Не вдаваясь в злободневные частности, нельзя не признать, что эстетические предпочтения Левинсона оказались безукоризненными: он первым признал Гриффита и Чаплина и обосновал их исключительное место в искусстве кинематографа[533]. Одно лишь это дает ему право занять почетное место не только в отечественной, но и в мировой истории киномысли.
Обращение Левинсона к кинематографу произвело огромное впечатление на современников в Зарубежье и даже – сквозь кордоны – в СССР[534]. Надо иметь в виду, что именно его статьи о кино стали источником полемической рефлексии не только П. Муратова[535], которому Левинсон успел ответить в одной из статей цикла («Кинематограф как “антиискусство”»), но и В. Ходасевича[536]. Однако дело не ограничилось лишь полемикой с противниками кинематографа. Открыв и освоив новую область художественной критики, Левинсон на много лет вперед простимулировал весьма плодотворное обращение к кинокритике многих литераторов, начиная от С. Волконского и до Г. Адамовича включительно[537].
Печатается по: Киноведческие записки. 1999. № 43.
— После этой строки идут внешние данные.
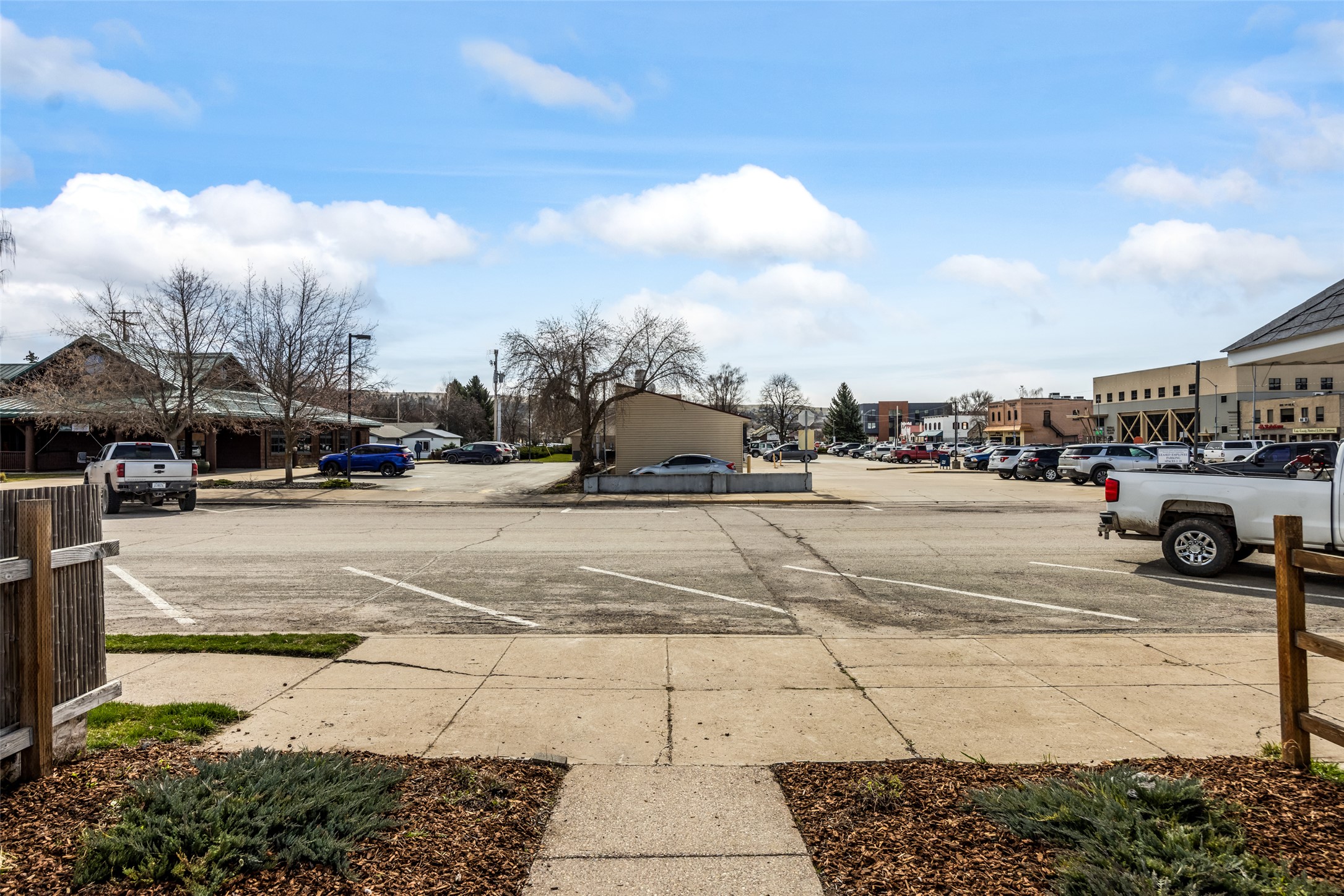 107 3rd Avenue E Property Photo 5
Рашит Янгиров ЗАБЫТЫЙ КИНОКРИТИК СЕРГЕЙ ВОЛКОНСКИЙ
Имя Сергея Михайловича Волконского (1860–1937) давно и прочно было забыто соотечественниками и лишь в самое последнее время вновь обозначилось в поле нашего культурного зрения[538]. Между тем его «труды и дни» принадлежат к лучшим, вершинным страницам не только русской, но и европейской художественной мысли нашего столетия, органично растворяясь в сферах различных искусств. Отличительной чертой колоритной индивидуальности Волконского был неостывающий и всеобъемлющий интерес к миру творчества, в котором сам он, по мироощущению принадлежа всецело к культуре Серебряного века, реализовал особые эстетические принципы, синтезировавшиеся в оригинальной теории сценической культуры.